When they deliver the furniture, make sure to inspect it carefully while the truck is still there. Once, I had a headboard that was damaged. It had been sitting in a pool of water inside the truck all the way from NC. It went right back on the truck, as I wouldn't accept it. They sent me a new one, but I had to wait a couple more months for the replacement. Still, that was a lot easier than accepting damaged goods, and then trying to fix the problem afterwards.

I wouldn't hesitate to do it again. I do suggest you visit the area first, to visit the showrooms and make personal sales contacts. There are several furniture dealers around the Greensboro area (mainly to the south).


----------



## Glynda (Jan 21, 2008)

*High Point*

One of our homes is near High Point and I shop there frequently.  I do so to actually see/sit in a large variety of furniture.  BUT, I've learned that when it comes to buying, two places have beat High Point prices for me everytime, Lexington Furniture in Lexington, KY and Elite Interiors in Myrtle Beach. SC. though I don't know if they carry Thomasville.


http://www.lexfurniture.com/


www.elitefurnituregallery.com

I've dealt with both of these with great success. Elite is not coming up for me right now so I'm wondering if they are still in business.

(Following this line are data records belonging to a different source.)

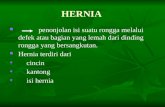 Hernia Power Point Ppt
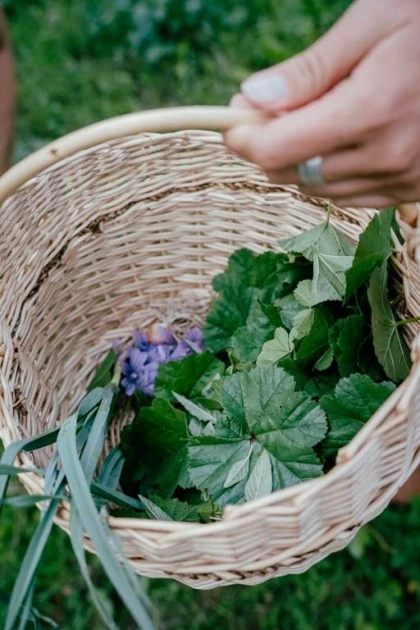 De l'Etang à l'assiette - Vignerons Indépendants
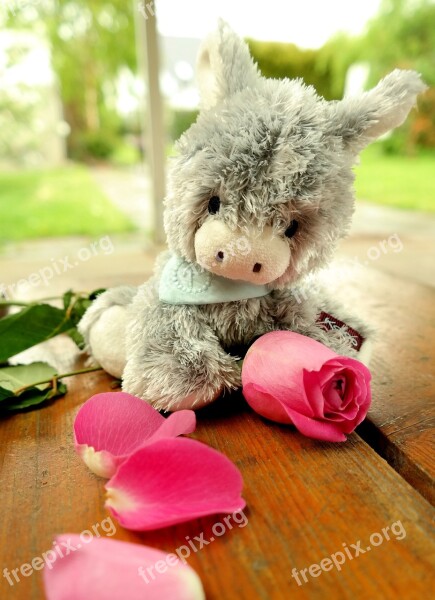 Donkey Teddy Bear Soft Toy Stuffed Animal Rose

Unfortunately, the giants...Boyles and Furnitureland South and internet sales appear to have driven a number of stores out of High Point.  Also it seems as if Thomasville has gone to it's own stand alone stores.

The best bargains I've found are during the month of June when Boyles holds a giant three day sale in the Hickory Convention Center in Hickory, NC.  People line up ahead of opening at noon on Friday.  You have to have a system, and another person with you, in order to get the first bargains.  Once you've covered the floor, and a couple of hours after opening, you can go sit in front of the unloading docks and watch as they unload and uncover furniture and try to grab it as soon as it hits the opening to the sales floor.  I'll warn you that people are ruthless though.  I've known them to fight over a piece and even to remove sold tags so you need someone to stay with your piece until it is removed from the floor.


----------



## Glynda (Jan 21, 2008)

*Thomasville*

I don't see Tomasville sold at either store.


----------



## Kittykatz (Jan 22, 2008)

*furniture*

Definitely look at Furnitureland South or just the website. If you know what you want you can order on the website or call and work with a sales person. We haven't done this in awhile but have bought many things from them. We've also bought things from High Point Furniture Sales. If you go plan to spend a day just at Furnitureland South. It's huge but worth the trip.

Good luck.

Lisa


----------



## MULTIZ321 (Jan 22, 2008)

Here's the link for FurnitureLand South http://www.furniturelandsouth.com/


Richard


----------



## Glynda (Jan 22, 2008)

*Furnitureland South*

Definitely a great place to go look for a day.  Write down numbers, etc. and then shop online or even ask your local store to meet the price.

My cousin did a whole house in Florida from there and because of quantity was able to get even better prices.  But I've still done better with Lexington and Elite than Furnitureland South or Boyles (except for their annual sale.)


----------



## thinze3 (Jan 23, 2008)

My wife is currently looking at this large leather sectional made by Thomasville.
She took me to see it, and when I saw the price I ran like hell!

Maybe she can follow some leads on this thread to get it much cheaper.


----------



## Glynda (Jan 24, 2008)

*Contest*

This could help!

http://www.thomasville.com/Wish-List/ESweeps.aspx


----------